Emergent Vacuum Response in Nonequilibrium Electromagnetic Systems A Constrained Phenomenological Framework with Experimental Pathways

This work presents a consolidated framework for Emergent Vacuum Response Theory (EVRT), a phenomenological approach investigating whether structured, nonequilibrium electromagnetic systems may exhibit measurable stress-energy effects beyond conventional interpretations. Rather than asserting the existence of new physics, the framework is constructed to remain consistent with established conservation laws while introducing a constrained effective response parameter subject to experimental bounds. The paper synthesizes prior theoretical, numerical, and experimental considerations into a unified structure emphasizing falsifiability, parameter constraints, and reproducibility.

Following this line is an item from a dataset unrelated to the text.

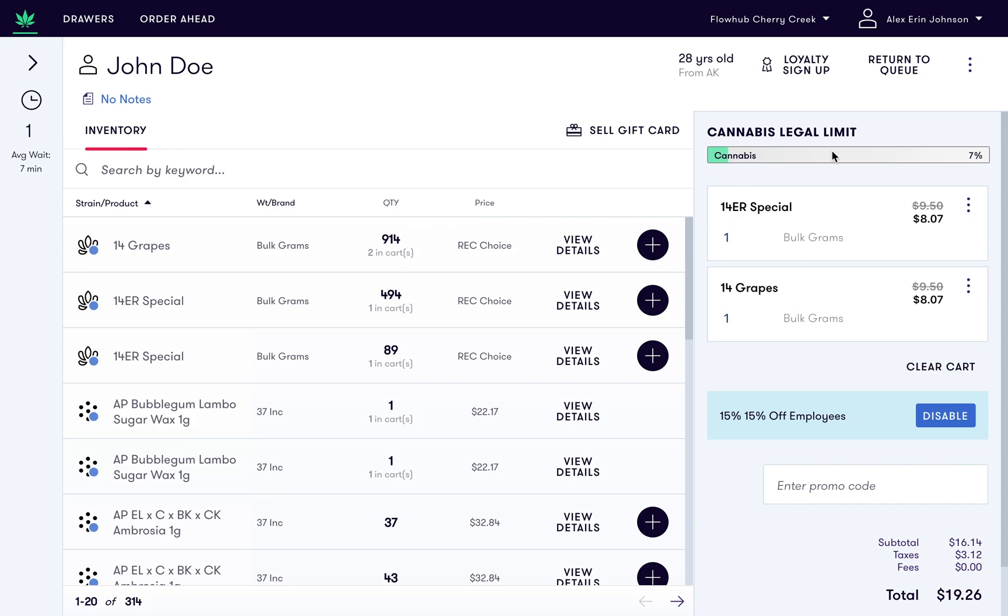FlowHub is doing all the work for you and automatically applies discounts to the cart with a smart algorithm that is built to find the best possible deal for the customer. In this case, 15% off for employees. That's it. No math or manual discounting necessary.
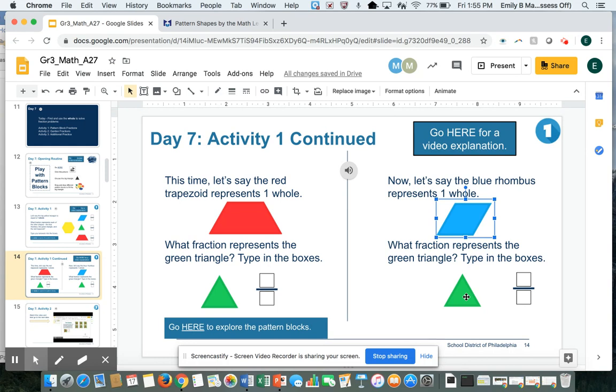I know the green triangle represented a fraction on the other page, but that was a different sized whole. Each time our whole changes, our green triangle's fraction value will also change.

Simulation-based explorations illustrate qualitative behavior under representative conditions, while proposed experimental protocols outline strategies for distinguishing genuine signals from thermal, vibrational, electromagnetic, and measurement artifacts. A central feature of the framework is its explicit treatment of null results as scientifically meaningful, enabling the establishment of upper bounds on any emergent response parameter. An order-of-magnitude analysis suggests that experimentally accessible sensitivities at the nanonewton scale constrain the effective coupling parameter to values on the order of χₑff ≲ 10^-4 under representative laboratory conditions. The framework is not intended to claim anomalous force generation, but to define a disciplined and testable pathway for investigating whether such effects exist. If confirmed, such effects would motivate deeper theoretical investigation; if not observed, progressively tighter constraints refine the permissible parameter space. All simulation tools, analysis scripts, and supporting materials are available via the associated GitHub repository: https: //github. com/HitojinKyoshi This work serves as a capstone synthesis of a broader research program and is intended to provide a clear, reproducible foundation for further theoretical and experimental investigation.